Try it: Beginning with the first line below, output every record verbatim and leave out the images.

Dataset content:

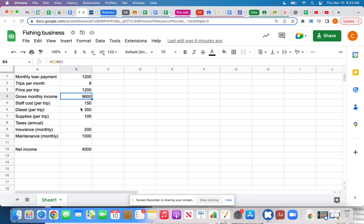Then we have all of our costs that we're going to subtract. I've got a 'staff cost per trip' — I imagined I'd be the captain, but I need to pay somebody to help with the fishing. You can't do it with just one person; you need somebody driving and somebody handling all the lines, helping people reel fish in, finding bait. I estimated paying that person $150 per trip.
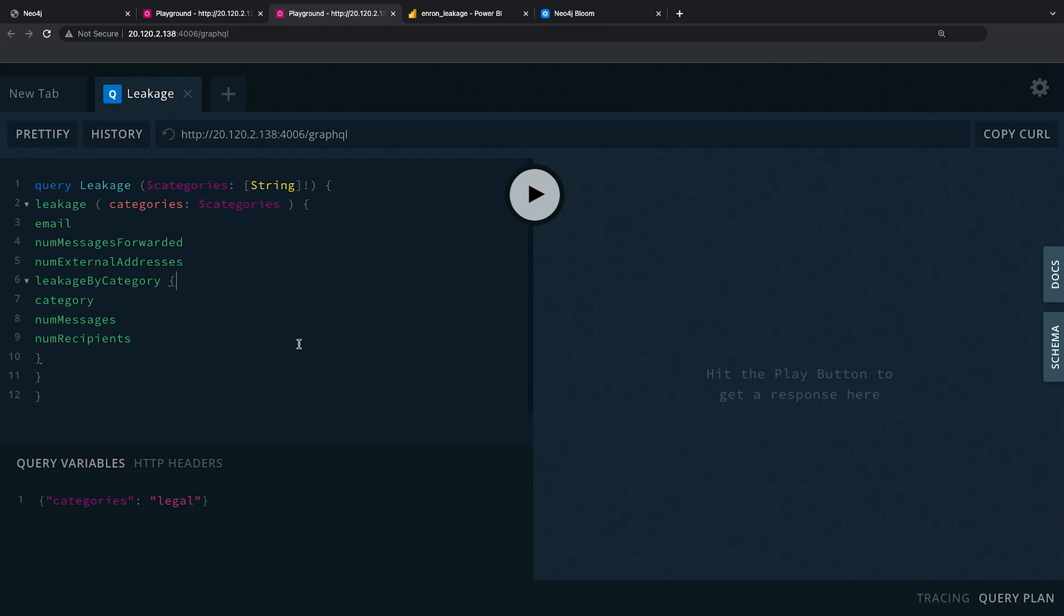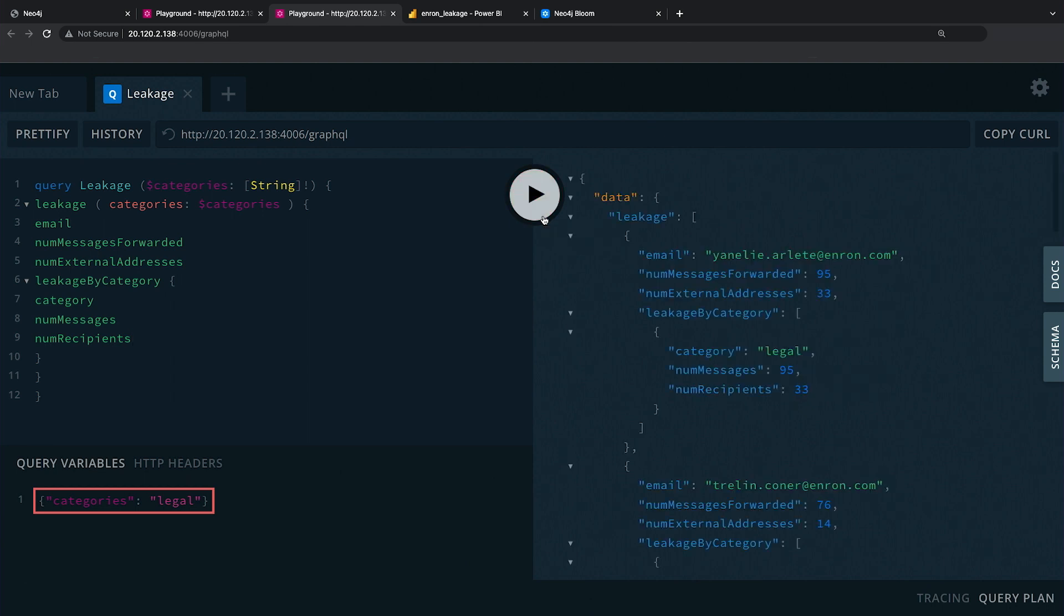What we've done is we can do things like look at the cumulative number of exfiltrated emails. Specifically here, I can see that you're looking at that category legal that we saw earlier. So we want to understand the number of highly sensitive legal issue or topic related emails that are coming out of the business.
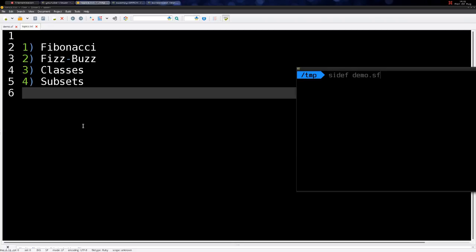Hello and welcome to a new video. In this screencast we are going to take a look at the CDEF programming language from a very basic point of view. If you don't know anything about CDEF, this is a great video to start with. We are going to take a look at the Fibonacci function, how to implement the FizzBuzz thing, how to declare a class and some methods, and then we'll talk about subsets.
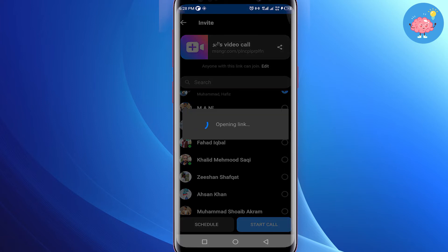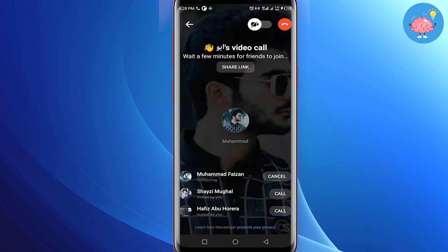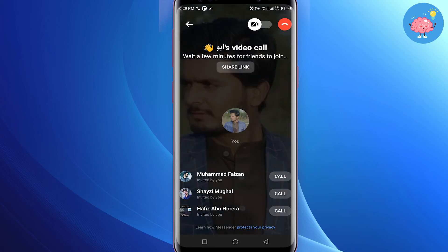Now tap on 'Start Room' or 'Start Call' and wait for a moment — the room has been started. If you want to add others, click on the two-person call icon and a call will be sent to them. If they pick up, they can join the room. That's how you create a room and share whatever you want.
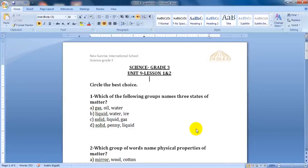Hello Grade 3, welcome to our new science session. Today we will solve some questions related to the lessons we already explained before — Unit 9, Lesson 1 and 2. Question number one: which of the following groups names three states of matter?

Exercise output:
Then we have all of our costs that we're going to subtract. I've got a 'staff cost per trip' — I imagined I'd be the captain, but I need to pay somebody to help with the fishing. You can't do it with just one person; you need somebody driving and somebody handling all the lines, helping people reel fish in, finding bait. I estimated paying that person $150 per trip.
What we've done is we can do things like look at the cumulative number of exfiltrated emails. Specifically here, I can see that you're looking at that category legal that we saw earlier. So we want to understand the number of highly sensitive legal issue or topic related emails that are coming out of the business.
Hello and welcome to a new video. In this screencast we are going to take a look at the CDEF programming language from a very basic point of view. If you don't know anything about CDEF, this is a great video to start with. We are going to take a look at the Fibonacci function, how to implement the FizzBuzz thing, how to declare a class and some methods, and then we'll talk about subsets.
Now tap on 'Start Room' or 'Start Call' and wait for a moment — the room has been started. If you want to add others, click on the two-person call icon and a call will be sent to them. If they pick up, they can join the room. That's how you create a room and share whatever you want.
Hello Grade 3, welcome to our new science session. Today we will solve some questions related to the lessons we already explained before — Unit 9, Lesson 1 and 2. Question number one: which of the following groups names three states of matter?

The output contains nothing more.